**Task directions**
The response must be the exact lines from the line holding "Disposable Medical Specimen" through the end of the entries, with no pictures and nothing else.

**Task inputs**

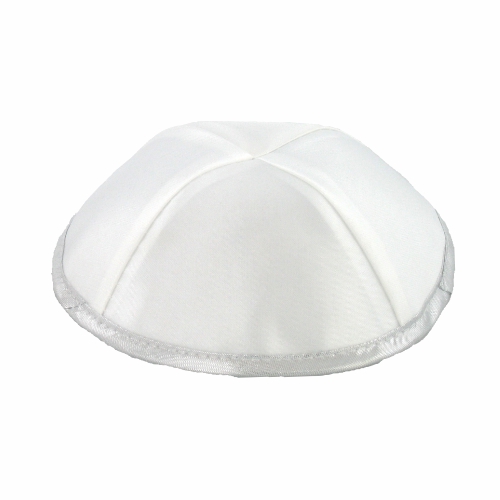 Satin Kippah 17 cm- White with Silver Line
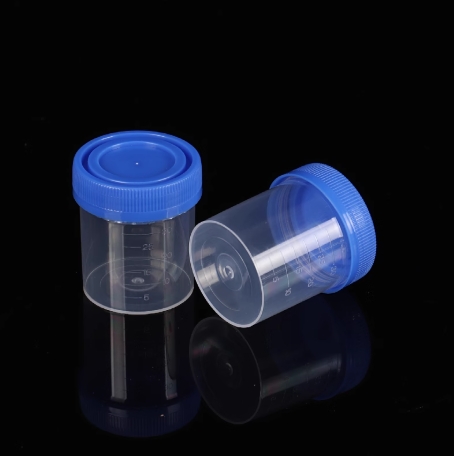 Disposable Medical Specimen Cups Set - Urine/Stool/Sputum Collection Containers with Flip-Top/Screw Cap (40ml/60ml)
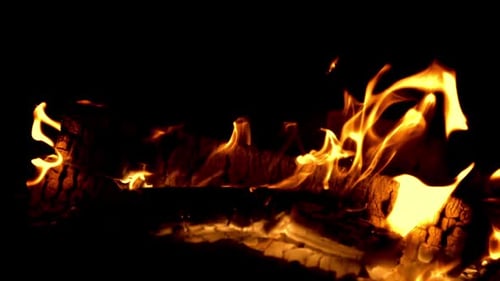 Burning Fire and Dancing Flames in Dark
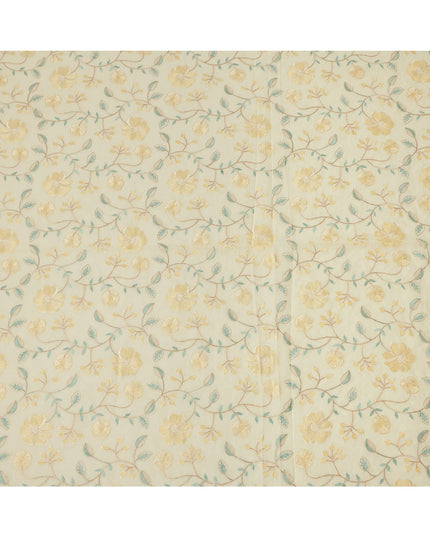 قماش فوال قطني أصفر فاتح مطرز بزهور ذهبية، عرض 110 سم، الهند - D25311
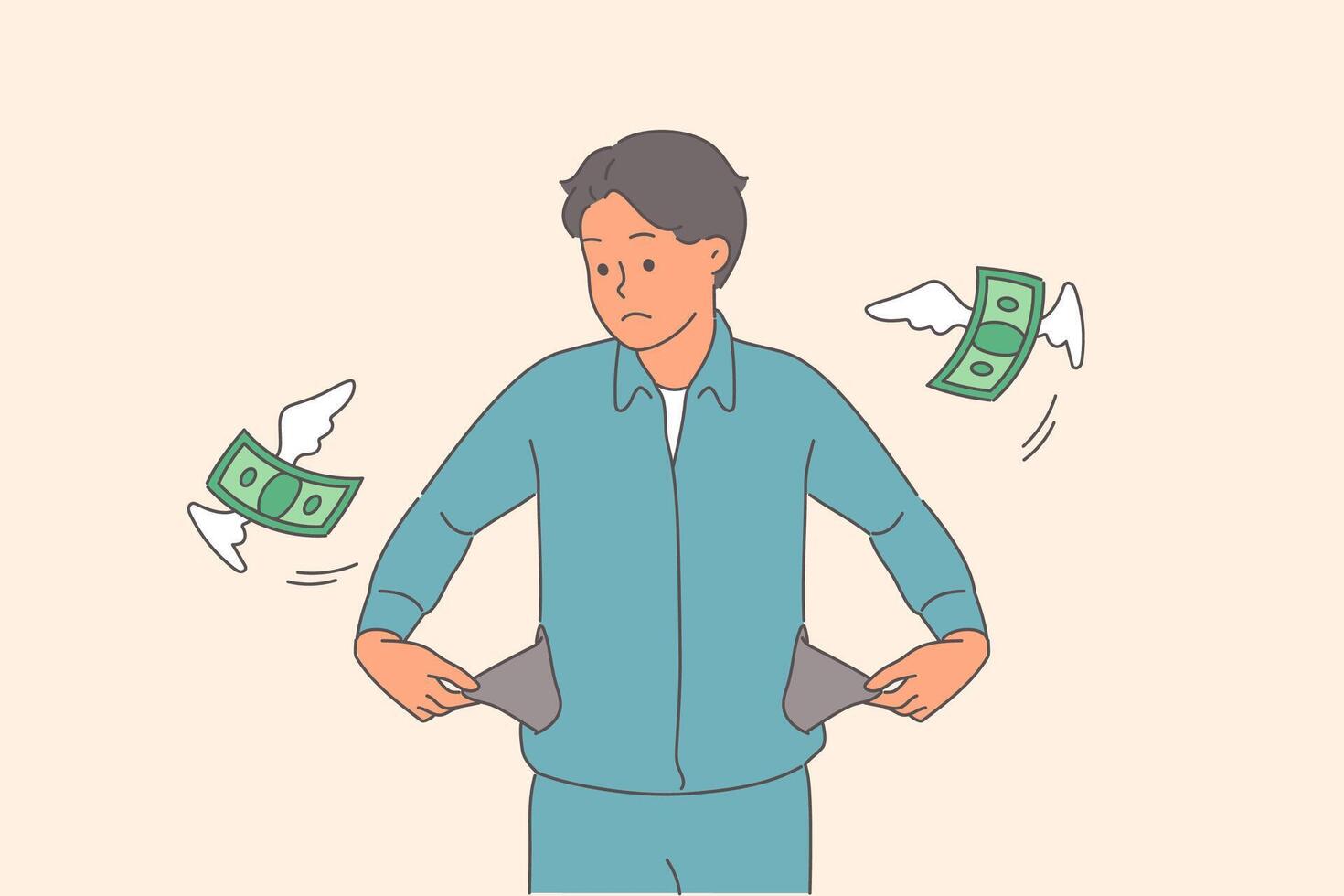 Poor man is sad because of empty pockets and lack of money for purchases, as metaphor for bankruptcy vector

**Answer for this exercise**
 Disposable Medical Specimen Cups Set - Urine/Stool/Sputum Collection Containers with Flip-Top/Screw Cap (40ml/60ml)
 Burning Fire and Dancing Flames in Dark
 قماش فوال قطني أصفر فاتح مطرز بزهور ذهبية، عرض 110 سم، الهند - D25311
 Poor man is sad because of empty pockets and lack of money for purchases, as metaphor for bankruptcy vector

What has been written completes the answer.